Netzneutralität mit Hintertüren

Europäisches Parlament beschliesst "offenes Internet"

Uhr | Aktualisiert
von Christoph Grau

Das Europäische Parlament hat die Netzneutralität verankert. Zudem beschloss es die Abschaffung der Roaming-Gebühren bis Mitte 2017. Beide Beschlüsse haben aber Hintertüren.

Das Europäische Parlament hat mehrere Entscheidungen für die Telekommunikationsbranche in der EU gefällt. Die Parlamentarier beschäftigten sich mit der Netzneutralität und der Zukunft des Roamings in Europa, wie einer Mitteilung zu entnehmen ist.

Netzneutralität mit Hintertüren

Das Parlament verabschiedete ein Gesetz, dass "die Anbieter von Internetzugangsdiensten verpflichtet, den gesamten Verkehr bei der Erbringung solcher Dienstleistungen gleich zu behandeln". Dabei dürfe es unabhängig von Sender und Empfänger keine "Diskriminierung, Beschränkung oder Störung" geben.

Das Gesetz sieht jedoch vor, dass "Internetanbieter Spezialdienste anbieten dürfen", deren Traffic Vorrang hat. Bei der Erbringung dieser dürfe die "allgemeine Internetqualität" jedoch nicht leiden. Der zuständige EU-Kommissar für die Digitale Wirtschaft und Gesellschaft, Günther Oettinger, begründete diese Ausnahmen in einer Medienkonferenz. Er nannte Notdienste oder kritische Gesundheitsanwendungen als Beispiele für solche Ausnahmen.

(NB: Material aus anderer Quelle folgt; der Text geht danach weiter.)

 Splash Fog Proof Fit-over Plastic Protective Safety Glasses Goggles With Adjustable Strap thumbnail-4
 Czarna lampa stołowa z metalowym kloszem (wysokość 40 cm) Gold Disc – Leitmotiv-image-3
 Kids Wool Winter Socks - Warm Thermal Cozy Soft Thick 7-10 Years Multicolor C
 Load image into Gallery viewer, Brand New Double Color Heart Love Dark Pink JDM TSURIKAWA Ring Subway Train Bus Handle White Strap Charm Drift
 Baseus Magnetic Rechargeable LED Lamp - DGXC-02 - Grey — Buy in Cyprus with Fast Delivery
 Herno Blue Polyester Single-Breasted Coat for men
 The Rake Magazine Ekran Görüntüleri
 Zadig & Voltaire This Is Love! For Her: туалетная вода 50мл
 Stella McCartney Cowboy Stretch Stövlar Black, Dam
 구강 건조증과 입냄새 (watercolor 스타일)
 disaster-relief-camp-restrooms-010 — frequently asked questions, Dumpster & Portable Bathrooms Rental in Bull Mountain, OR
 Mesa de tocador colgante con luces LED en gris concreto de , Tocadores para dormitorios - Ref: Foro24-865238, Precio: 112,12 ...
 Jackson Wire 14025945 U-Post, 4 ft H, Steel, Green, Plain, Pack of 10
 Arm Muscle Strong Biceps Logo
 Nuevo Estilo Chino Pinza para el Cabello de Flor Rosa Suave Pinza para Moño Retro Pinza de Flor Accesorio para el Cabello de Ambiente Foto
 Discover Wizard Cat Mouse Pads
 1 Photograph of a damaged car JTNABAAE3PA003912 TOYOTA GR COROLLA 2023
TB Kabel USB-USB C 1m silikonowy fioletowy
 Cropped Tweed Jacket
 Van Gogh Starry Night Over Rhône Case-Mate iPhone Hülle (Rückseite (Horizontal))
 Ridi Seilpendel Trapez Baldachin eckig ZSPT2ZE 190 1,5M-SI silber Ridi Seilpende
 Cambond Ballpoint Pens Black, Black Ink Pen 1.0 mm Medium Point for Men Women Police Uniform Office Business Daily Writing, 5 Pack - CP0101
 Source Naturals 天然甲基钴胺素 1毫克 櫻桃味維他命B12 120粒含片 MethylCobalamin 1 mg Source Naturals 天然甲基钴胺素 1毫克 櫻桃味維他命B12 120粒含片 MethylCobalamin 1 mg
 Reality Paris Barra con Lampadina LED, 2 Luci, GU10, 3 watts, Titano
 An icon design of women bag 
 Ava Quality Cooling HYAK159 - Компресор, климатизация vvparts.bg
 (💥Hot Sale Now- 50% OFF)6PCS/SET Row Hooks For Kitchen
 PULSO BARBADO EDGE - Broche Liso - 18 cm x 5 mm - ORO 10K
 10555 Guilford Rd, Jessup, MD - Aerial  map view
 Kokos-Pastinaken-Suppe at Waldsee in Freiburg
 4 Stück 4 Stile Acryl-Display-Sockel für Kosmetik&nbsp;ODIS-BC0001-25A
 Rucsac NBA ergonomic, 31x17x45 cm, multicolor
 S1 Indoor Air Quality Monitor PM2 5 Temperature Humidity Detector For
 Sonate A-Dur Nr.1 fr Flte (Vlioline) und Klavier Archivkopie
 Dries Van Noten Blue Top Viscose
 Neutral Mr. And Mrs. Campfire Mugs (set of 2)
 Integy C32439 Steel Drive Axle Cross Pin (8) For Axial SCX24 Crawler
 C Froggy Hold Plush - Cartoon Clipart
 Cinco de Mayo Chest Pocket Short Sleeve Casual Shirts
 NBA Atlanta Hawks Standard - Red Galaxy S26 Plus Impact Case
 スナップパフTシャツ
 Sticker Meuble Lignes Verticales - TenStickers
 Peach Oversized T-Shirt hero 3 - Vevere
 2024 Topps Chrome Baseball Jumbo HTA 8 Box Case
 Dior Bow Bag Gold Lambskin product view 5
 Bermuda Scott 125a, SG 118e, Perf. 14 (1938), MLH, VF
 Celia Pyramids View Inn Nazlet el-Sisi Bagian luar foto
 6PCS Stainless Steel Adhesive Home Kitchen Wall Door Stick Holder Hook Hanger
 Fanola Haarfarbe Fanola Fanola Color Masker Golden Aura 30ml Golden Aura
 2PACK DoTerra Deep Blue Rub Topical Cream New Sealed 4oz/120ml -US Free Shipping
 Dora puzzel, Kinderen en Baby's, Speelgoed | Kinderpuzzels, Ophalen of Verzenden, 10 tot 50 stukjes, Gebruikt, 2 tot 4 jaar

Oettingers Ausführungen zufolge sollte dies aber die absolute Ausnahme sein. In einer Medienmitteilung werden aber auch Internet-TV und Videokonferenzen aufgeführt, was den Aussagen widerspricht. Tatsächlich werden die Spezialdienste in der Verordnung nicht genauer definiert.

Diese schwammige Formulierung kritisierte auch Heise in einem Beitrag. Sie sei ein potenzielles Einfallstor für den Missbrauch und ermögliche ein Internet der zwei Geschwindigkeiten in der EU. Heise stellte auch fest, dass der Begriff "Netzneutralität" im Dokument nicht einmal erwähnt wird. Es werde nur von einem "offenen Internet" gesprochen.

Die Gegenvorschläge für eine strengere Auslegung der Netzneutralität aus den Reihen der Grünen, Linken und Liberalen fanden keine Mehrheit. Nur rund 200 der fast 700 Abgeordneten stimmten dafür, schreibt Heise weiter.

Roaming-Gebühren bald Geschichte

Zum 30. April fallen die Raoming-Kosten in der EU erneut. Für Anrufe werden dann maximal 5 Cent berechnet. Eine SMS soll 2 Cent kosten. Für ein Megabyte Daten sollen die Provider höchstens 5 Cent verrechnen dürfen. Am 15. Juni entfallen die Roming-Preise in der EU dann vollständig.

Es gibt aber eine Ausnahme, und zwar wenn die Provider die Kosten nachweislich nicht decken können. Dann können diese bei den zuständigen Behörden eine Ausnahme beantragen, um höhere Beträge zu verlangen. Dies solle jedoch nur die Kosten decken und eine Ausnahme sein, ist der Mitteilung zu entnehmen.

Auch soll eine "Fair use Policy" Missbrauch verhindern. Dies etwa, wenn die SIM-Karte nur im Ausland oder für "dauerhaftes Roaming" verwendet wird. Die Europäische Kommission soll die Details dazu regeln.